I left the room to gather my thoughts. The boy spoke well and I was later to learn that he’d also been educated well by his mother. He was Charles’s son and I couldn’t let him go into trade. I had the money that my mother left me so I needn’t bother father at all. I returned to the sitting room to hear mention of lodgings. I proposed to pay for John’s education if he might be put in school instead of trade.
It was all arranged quietly so as not to upset my father, who was still upset by my marriage. He’d been furious and quite rightly, I suppose. When I think on it now I should have been upset myself but I was in love for the first time in my life and whether he was a penniless painter of portraits or a prince made no difference to me. I loved him.
John was enrolled in one of the best prep schools in New York. He was a fine student. I paid for his tuition and he was given an allowance. Mr. Briggs took him to his tailor and arranged for his wardrobe and whatever a young man needs. I suppose it might be said that between us we adopted John Charles Blackwell. He was quick to accept the advantages offered but still I detected a reserve in him. I suspected that reserve was resentment. I received reports of his education but saw little of him during those years.
Mr. Briggs kept in contact with him and took him for school holidays until he entered college. There he made his own circle of friends. During those years I remarried, much to my father’s relief. He is a good man but, alas, the fire that drove me to my first marriage is not there. Still we are comfortable with each other.
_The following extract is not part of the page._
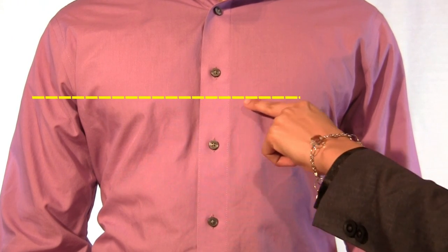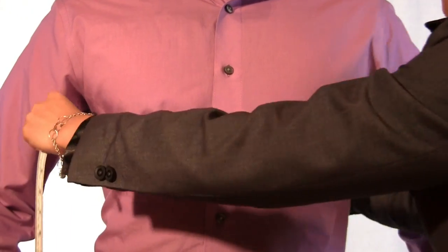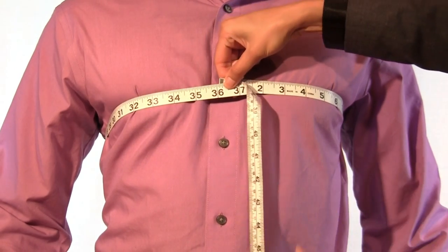Measure at the widest part of your chest, which is typically around the nipple line. Ensure to keep the measurement tape parallel to the ground in both the front and back of your body.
It was Christmas and John was in New York with Mr. Briggs for the holidays. It was his twenty-first year. I had not seen him in over three years. We hosted a party and Mr. Briggs brought him along. That night he was introduced to New York society, such as it was. Most of the guests were associates of my father and my husband. As a perceived eligible bachelor, John was surrounded by young ladies most of the evening but from time to time I would glance at him and find him looking back. Immediately he would drop his gaze.
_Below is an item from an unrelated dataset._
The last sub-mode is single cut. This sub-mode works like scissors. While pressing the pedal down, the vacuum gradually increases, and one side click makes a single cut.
He was the most handsome young man in New York. He had a smile that lit up his face and his eyes and it tore at my heart knowing that smile was not for me. His manners were impeccable and he made his dutiful way around the room dancing with the young ladies and sending them twittering away to their mothers with hope ringing loud in their ears.
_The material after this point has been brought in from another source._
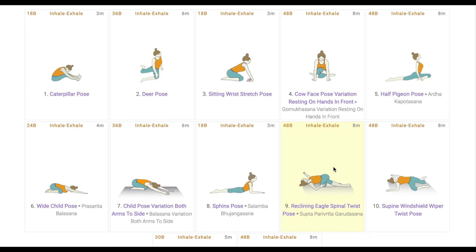After which, the student comes into the supine windshield wiper twist pose. This is similar to the deer pose but in supine position, so the stretch is felt around the hip region, the tissues in the upper thighs, and on the side of the lower back. By doing a pose for longer and again and again working on keeping those muscles and tissues active, flexible, and in use, stiffness doesn't knock the door.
Mr. Briggs was noticeably proud of him and I joined him in that feeling. I will not deny a certain other feeling took me that night. He spoke to me only briefly when he arrived but I had the feeling he was aware of me as I was of him.
Mr. Briggs pulled me aside and revealed to me that he was petitioning Sir Thomas Blackwell to acknowledge him as his son. Recent information had reached him that Sir Thomas was now childless, his son and daughter having died from the influenza that also took his wife last year. He had no heir. He was hopeful for John. As for myself, I always believed John to be Charles’ son. He had his father’s eyes, though they be green and not blue, and his father’s profile.
At one point I found myself standing alone and quite suddenly he appeared at my side.
“Mrs. B-, I wanted to thank you for a lovely evening. I have enjoyed myself thoroughly and now must take my leave.”
“I’m so very glad you came. You must come again. Please do come again.”
He bowed slightly and brushed my hand with his lips. I turned to watch him leave the room for his hat and coat. My father appeared.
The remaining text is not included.